06/07/2020
Georges Didi-Huberman, Éparses
Éparses, les positions psychiques que chacun est susceptible de tenir au creux d’une seule, d’une simple expérience émotionnelle.
Je me souviens — c’était il y a longtemps —qu’un jour où je pleurais beaucoup, je rencontrai par hasard mon visage dans le miroir. Quelque chose alors se brisa, quelque chose apparut : mon existence devint éparse, clivée. Je découvris, à me voir pleurant, une perception nouvelle : cela partait sans doute de moi-même et de mon chagrin du moment, mais cela ouvrait soudain une dimension bien plus large, impersonnelle et intéressante. Un ailleurs dans l’ici-même. C’était devenu, en un seul instant et sans doute pour le reste de ma vie, la leçon d’un nouveau regard.
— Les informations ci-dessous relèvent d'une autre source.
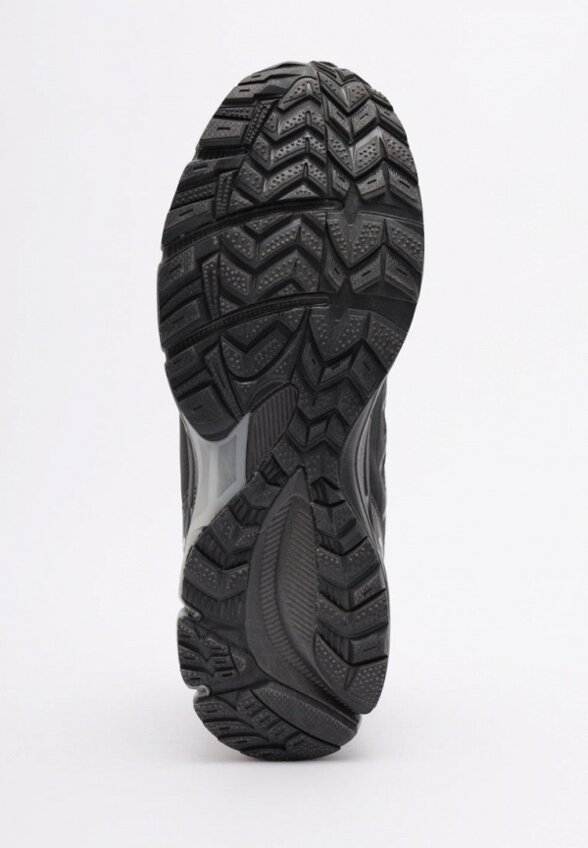 Кроссовки Baasploa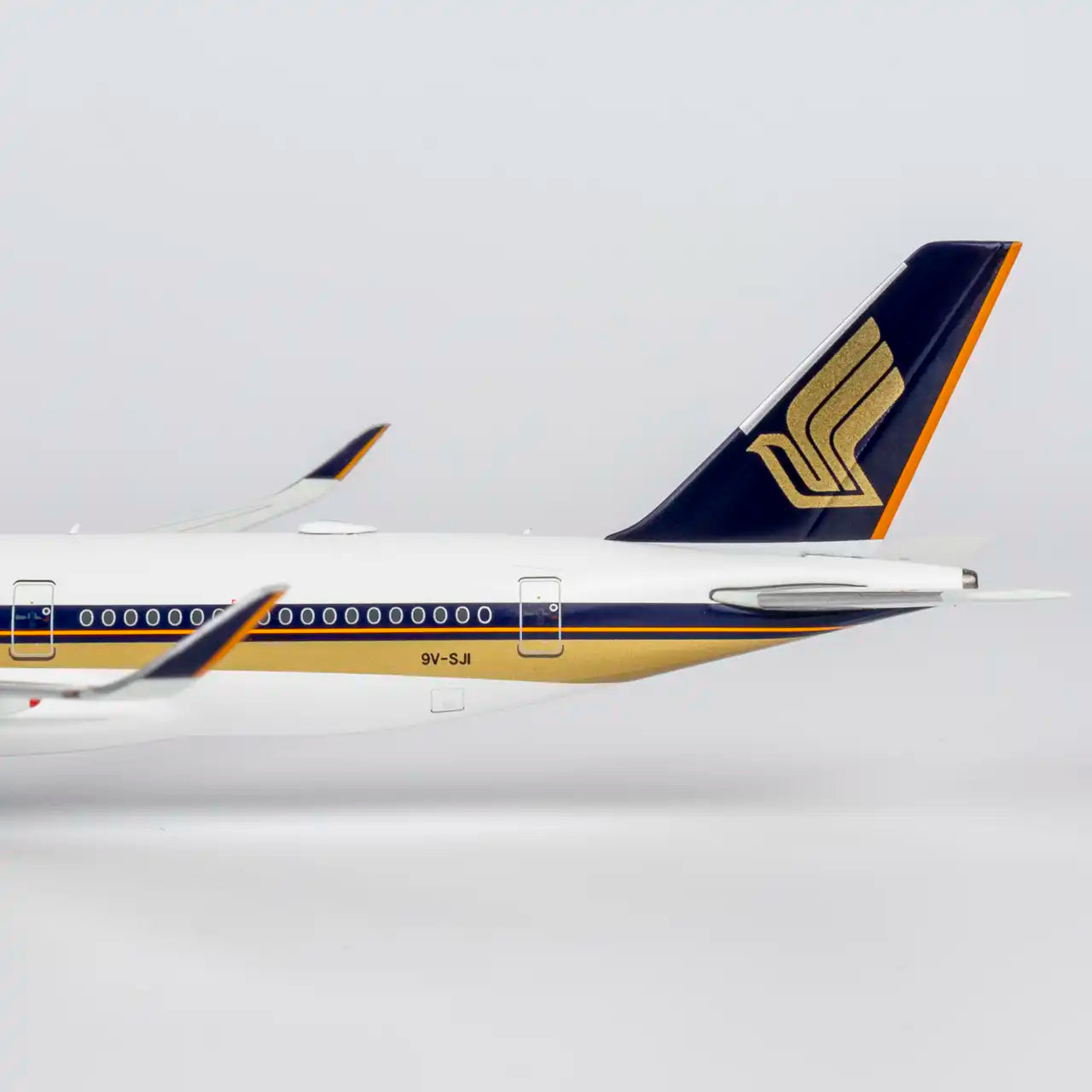 Singapore Airlines A350-900 9V-SJI NG Models 1:400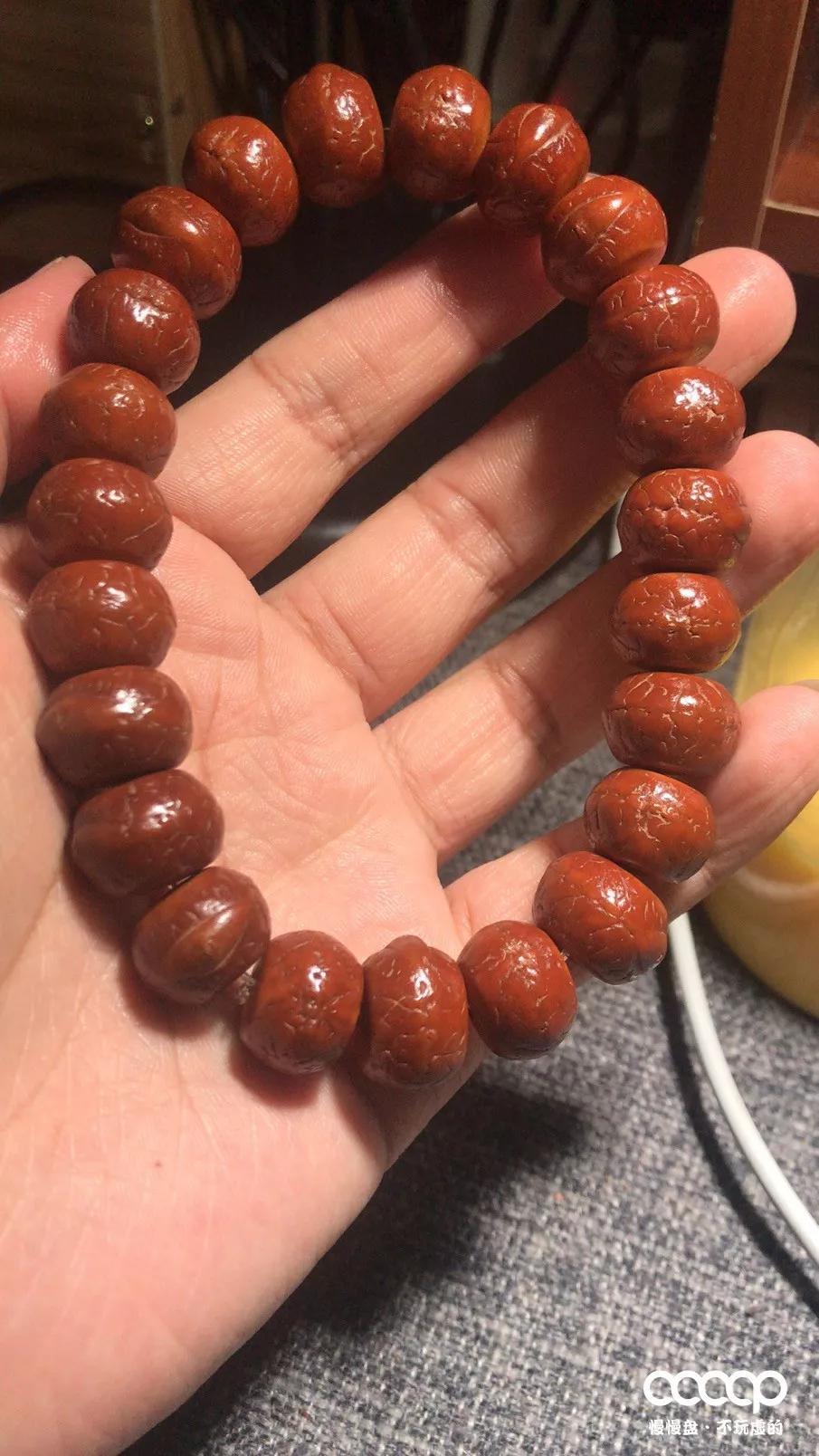 文玩界的万能油是什么油,文玩油和食用油有区别吗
Il était né de la mise à distance, fatale dans cette situation optique : me voyant pleurer, j’observai tout à coup, comme de l’extérieur, ce que l’émotion, chose toute intérieure, modifiait sur l’interface de mon visage (pas beau à voir, d’ailleurs : régressif, grimaçant, chiffonné).
Georges Didi-Huberman, Éparses, éditions de minuit, 2020, p. 9-10.